United States District Court, W.D. Pennsylvania

July 25, 2014



MARK R. HORNAK, District Judge.

The Plaintiffs employment with the Mt. Oliver (PA) Borough Police Department ended in December, 2011 when the Borough Council accepted her resignation as a police officer. The problem, she says, is that she never intended to resign, did not resign, and did not submit a letter of resignation. ECF No. 1 at ¶ 24.

The Council voted to accept her resignation, based on a letter that Defendant Frank Mosesso, the Borough's Chief of Police and the Plaintiffs former lover, says was found on his office desk by a couple of other Borough Police officers. The Plaintiff admits that over time, she drafted a few versions of different letters and signed some of them, but each time got cold feet and never submitted them, instead leaving them in her locked Police Department locker. She says that she has no idea how any such letter left her locker and got into the hands of the Chief, and also says that she knew nothing about Council's action on "her" letter until after it acted and ended her employment. ECF No. 1 at ¶¶ 21-24. When she learned of that action, she testified that she was literally "floored." S.D. at 157-179.[1]

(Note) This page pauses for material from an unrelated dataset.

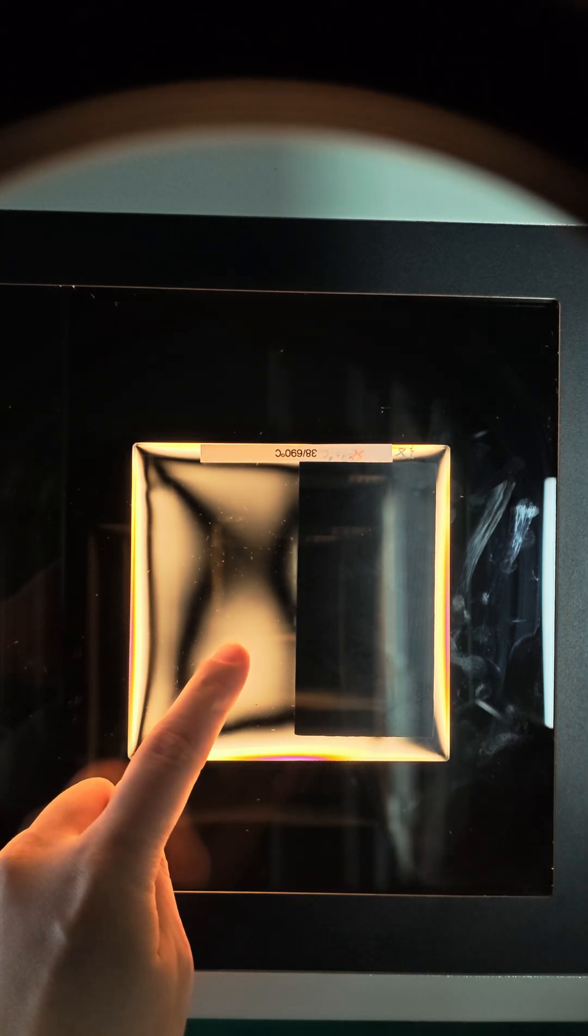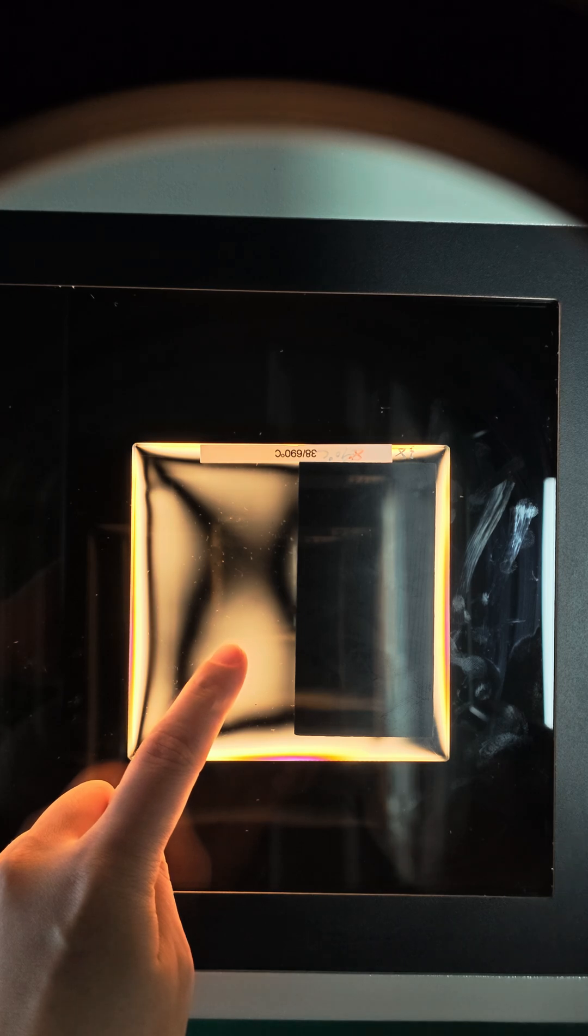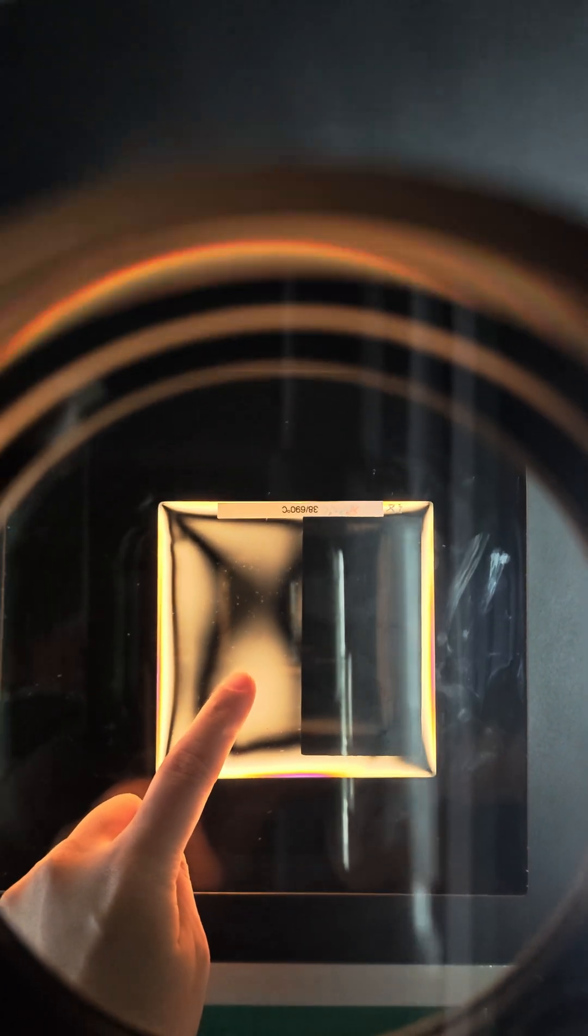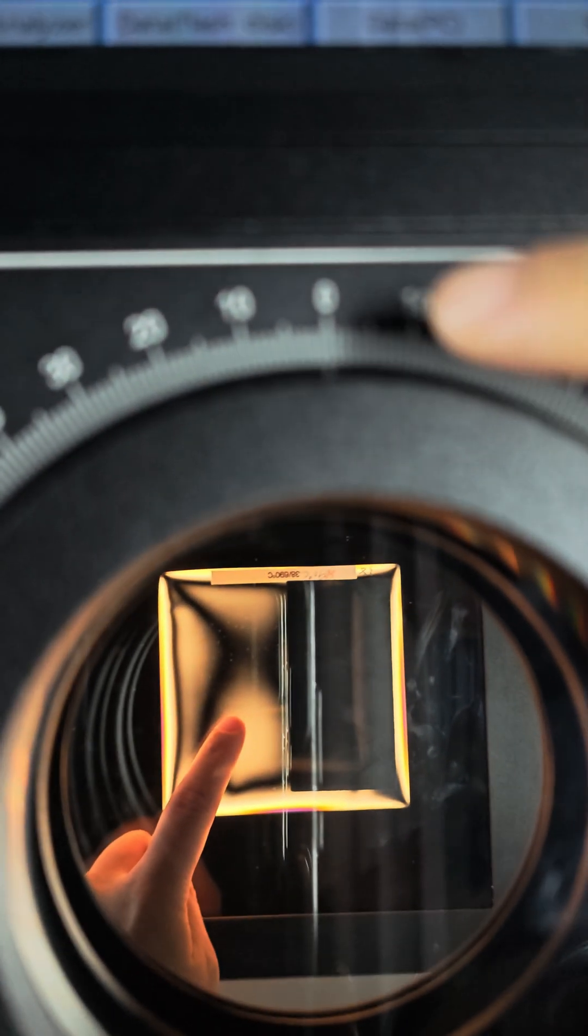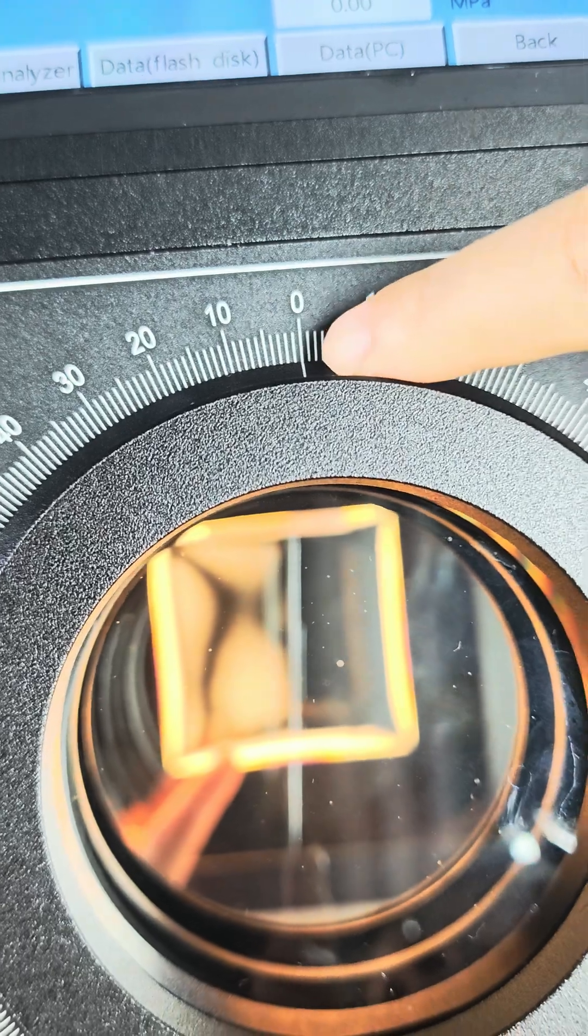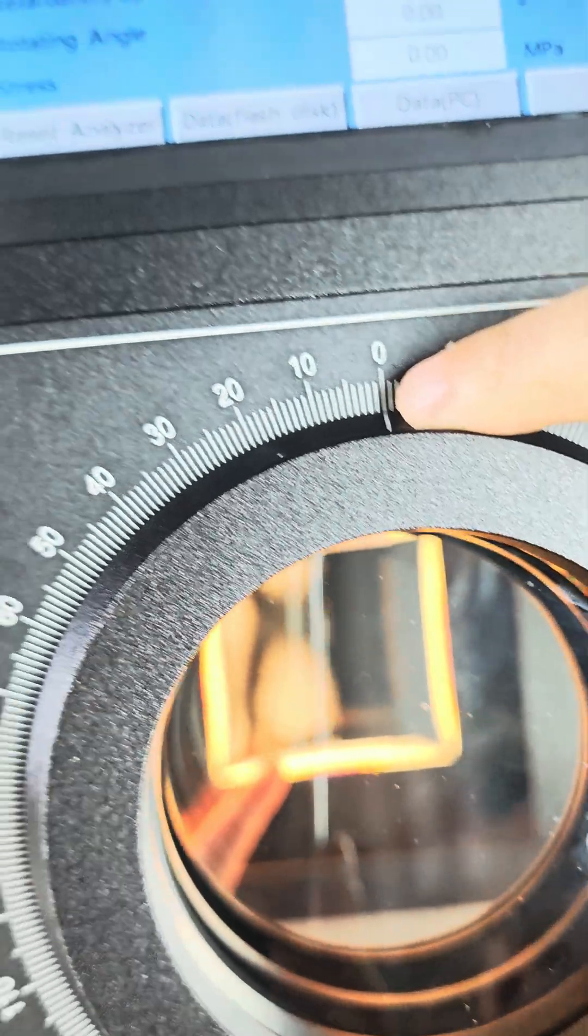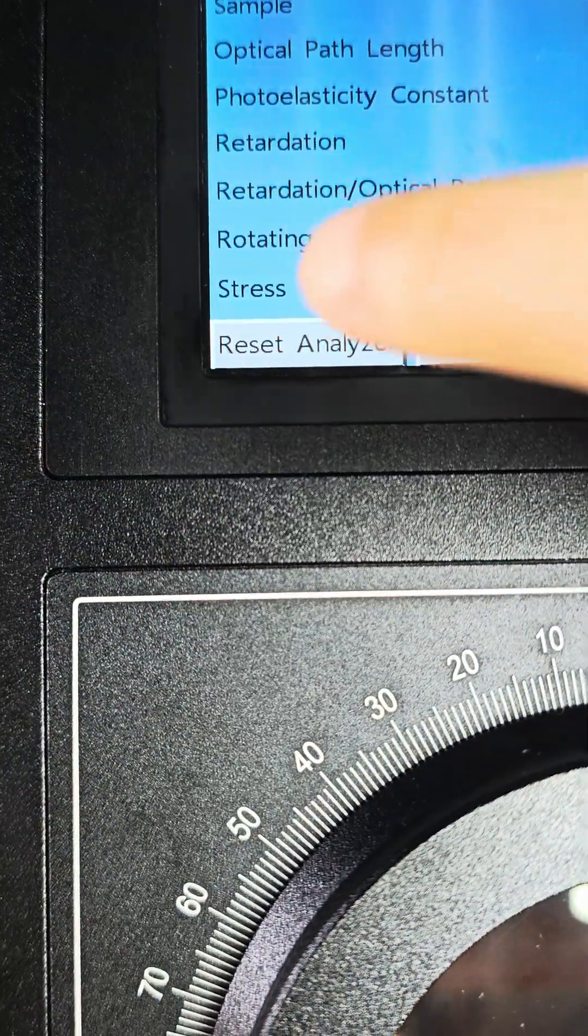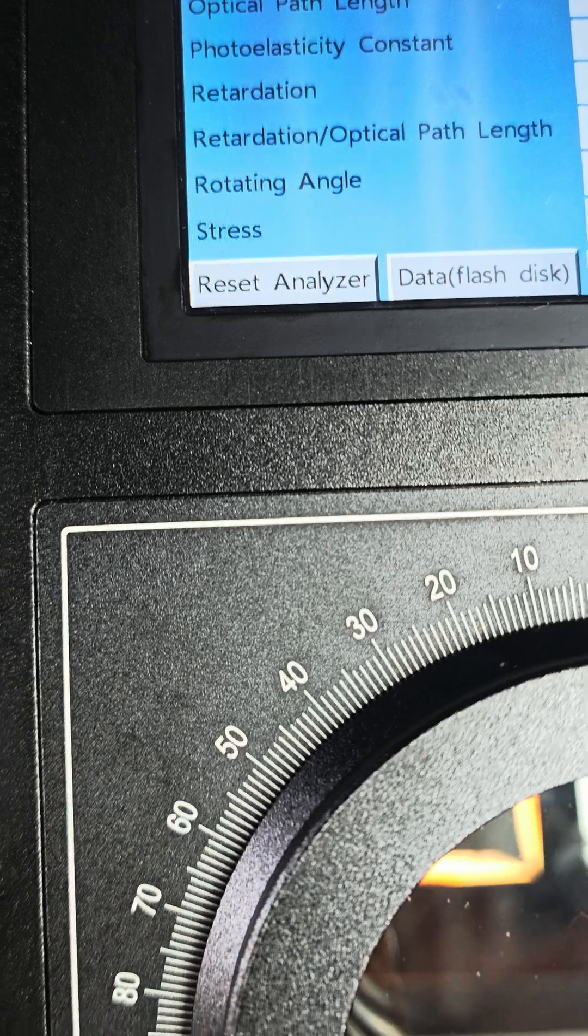Before the measurement, remember to set the analyzer to zero here and press Reset Analyzer button on the screen.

Plaintiff centrally pleads that her employment ended in a way that was contrary to Title VII of the Civil Rights Act of 1964 in that the terms and conditions of her employment ended based on her sex. More specifically, she asserts that the Chief concocted the whole letter of resignation maneuver as his pay back for her ending the romantic relationship he and she had, her not renewing it, and in light of the ones that she had begun with others.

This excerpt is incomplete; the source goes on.